It just doesn’t work.


Last Saturday, I boarded a metro train in Washington, DC and was instantly greeted by makeshift picket signs depicting President Obama as Hitler, a monkey, Tarzan, and an “idiot” among other titles. The trains were packed with “Tea Party Patriots”  in American flag shirts who were confused about which train route would deliver them to that day’s protest against Obama’s healthcare reform. Or rather, that’s been the acceptable rhetoric for clearly racist actions and sentiments that have plagued the President and this initiative. I sat in that metro car seething with rage, as I was outnumbered by a swarm of people wielding signs that clearly had nothing to do with healthcare, but all to do with a Black president. Had I anticipated or researched the protest more thoroughly, I could’ve planned some sort of opposition, or alerted folks in support of healthcare in DC, to join me. But I didn’t.

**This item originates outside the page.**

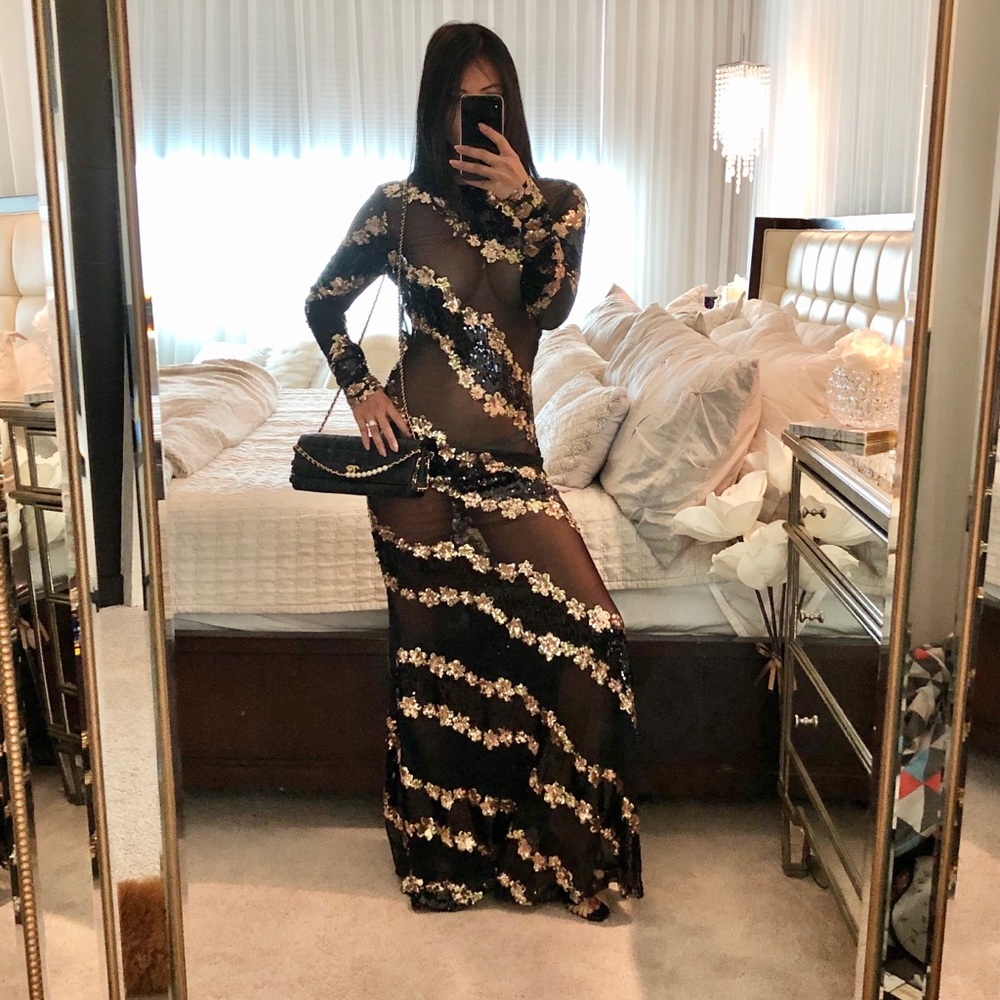 High Fashion Sheer Sequin Dress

All that to say -what’s going on in this country is not about opposition to healthcare.  If it were, “Obama monkey” t-shirts (that play on age-old stereotypes of black people as apes) would not be worn by protesters. “Legitimate” complaints against healthcare reform would not be exchanged for disturbing, xenophobic remarks about our President’s American citizenship and nationality. What does that have to do with healthcare? From the beginning of his campaign, Obama made it clear that healthcare reform would be one of his leading initiatives. I find it interesting that some of the same people who voted for him knowing this fact, (and some who didn’t), now have such loaded, venomous views about him and his plans. What happened to people of all colors and classes running the streets of major cities in America when he was elected? What happened to the collective unity and ideological shifts that were constantly reported in the media? They’ve somehow been stampeded by a group of people who never supported Obama, didn’t vote for him, or did vote for him and are now using his race to discredit him. And now,  discussing race becomes some dirty word that one becomes reprimanded for when mentioning.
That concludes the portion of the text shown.